As you all know me, I’m a bit of a weird one, but it’s not like that wasn’t fully addressed. I know me, and I know how I am and made sure that while I have changed, Chloe Puton understood each and every nuance and was ready to accept it.

Maybe during the time we dated, I could’ve went out more, but it was four years, so please don’t use it as an excuse. It’s not like I changed over night. She knew exactly how I was. She knew exactly how I acted.

I sat down for hours going over every single fucking thing with her because this was after all a pretty big deal.

I’m immature as fuck, but I approached this situation like the paranoid motherfucker that I am. I knew this shit would happen and all that I asked was for her to consider the questions that I asked.

I still can’t wrap my head around why someone would ball and cry every time that you suggested a break-up. It’s not like I just avoided the tough questions. I faced them head on and just wanted a little bit of respect in return. When I had a problem, when I noticed something off with her, I asked questions and was always told that she couldn’t wait to see me.
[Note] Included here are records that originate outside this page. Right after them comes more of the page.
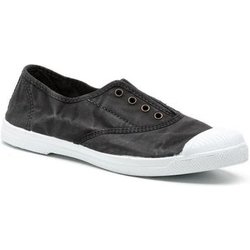 Natural World Espadrilles 102E - Negro Enz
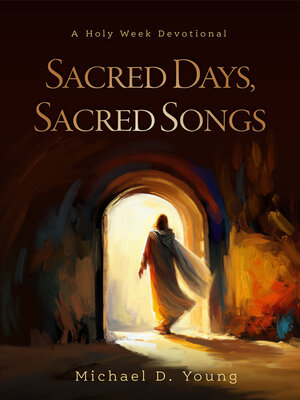 cover image of Sacred Days, Sacred Songs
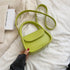 High-End All-Match Crossbody Bags for Women - Green - Women’s Bags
So I hope that each and every friend that I have fully understands why I’m so incredibly fucked up about this. I saw this coming and asked her so many times if maybe it was for the best — not for me, but for her — to break up. But she just balled and cried and begged me to come down.

Obviously you can draw your own conclusions, but simply know that I went out of my goddamn way to address each and every fucking thing that she spat back at me when she broke up with me.

I just can’t help but picture her justifying the break-up with all sorts of shit that was not only addressed, but spoken about for hours.

“I’m young and want to be free. I love the independence” — Probably talked about 10 times.

“Kris doesn’t come out enough” — Probably talked about for about 15 hours.

“I’ve only ever dated one person” — probably talked about the most, endlessly. I went out of my way to bring this up.

I’m not mad or anything, I’m just very confused with my life. It’s not like I addressed this shit for my own good. I know exactly who I am and who I love.

So that’s why i have a little bit of an issue rationalizing, “Well, I’ve thought about the things you’ve been saying and decided you were right”

Well, duh. I’m always right. It’s because I plan ahead. It’s because I’m not an ignorant moron.